## Exercises

Using the [repo setup directions](https://ds.codeup.com/fundamentals/git/), setup a new local and remote repository named `spark-exercises`. The local version of your repo should live inside of `~/codeup-data-science`. This repo should be named `spark-exercises`

Save this work in your `spark-exercises` repo. Then add, commit, and push your changes.

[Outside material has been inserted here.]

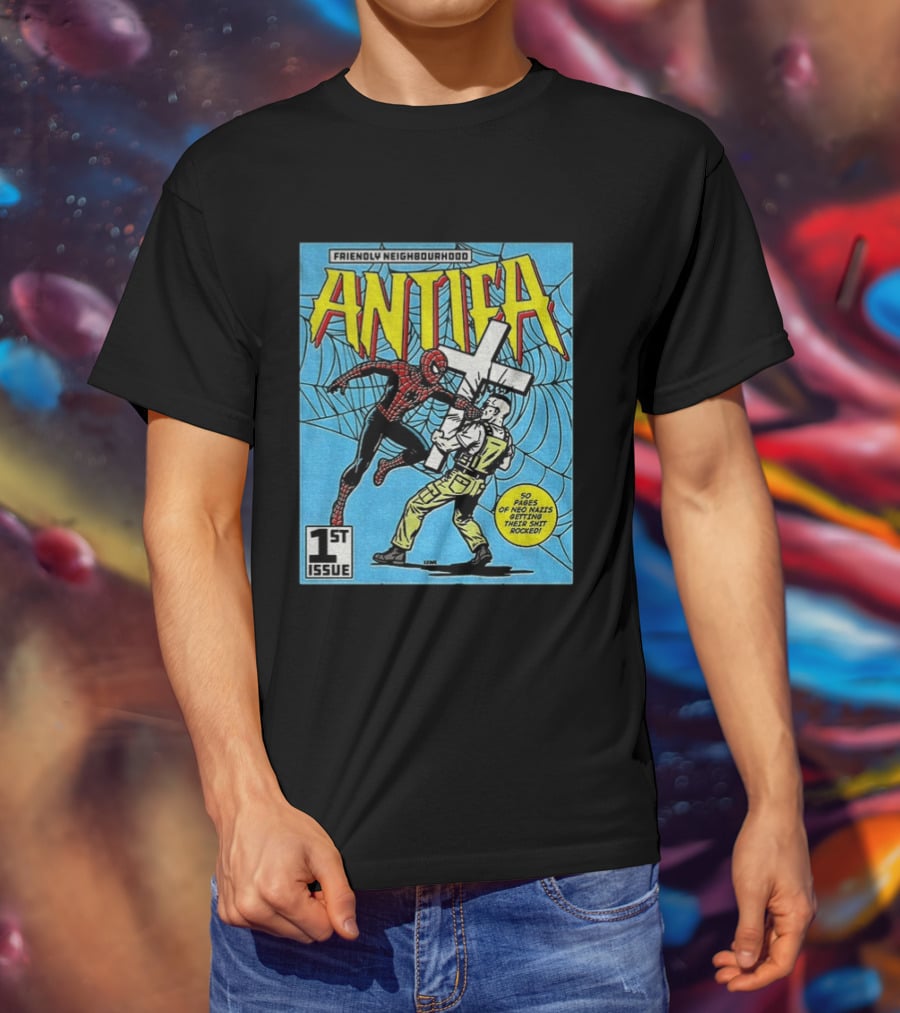 Friendly Neighbourhood Antifa Spider Man Punch 1st Issue T-Shirt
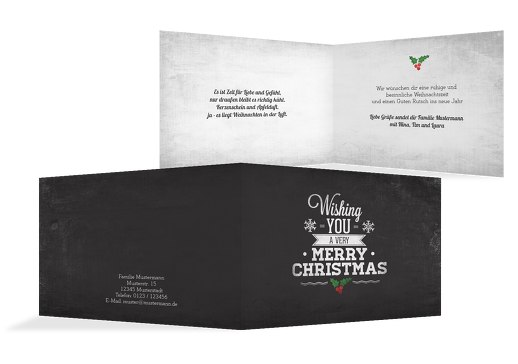 Grußkarte Merry Christmas Schwarz 148x105mm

Create a jupyter notebook or python script named `spark101` for this exercise.

In [1]:
import pandas as pd
import numpy as np
import pyspark

1. Create a spark data frame that contains your favorite programming languages.

In [2]:
import pyspark.sql.functions as F

In [3]:
spark = pyspark.sql.SparkSession.builder.getOrCreate()

In [4]:
pd_df = pd.DataFrame({'language': ['python', 'r',
 'scala', 'java', 'c', 'c++']})

In [5]:
pd_df

Unnamed: 0,language
0,python
1,r
2,scala
3,java
4,c
5,c++


    - The name of the column should be `language`
    

In [6]:
df = spark.createDataFrame(pd_df)

In [7]:
df.show()

+--------+
|language|
+--------+
|  python|
|       r|
|   scala|
|    java|
|       c|
|     c++|
+--------+



    - View the schema of the dataframe

In [8]:
df.schema

StructType([StructField('language', StringType(), True)])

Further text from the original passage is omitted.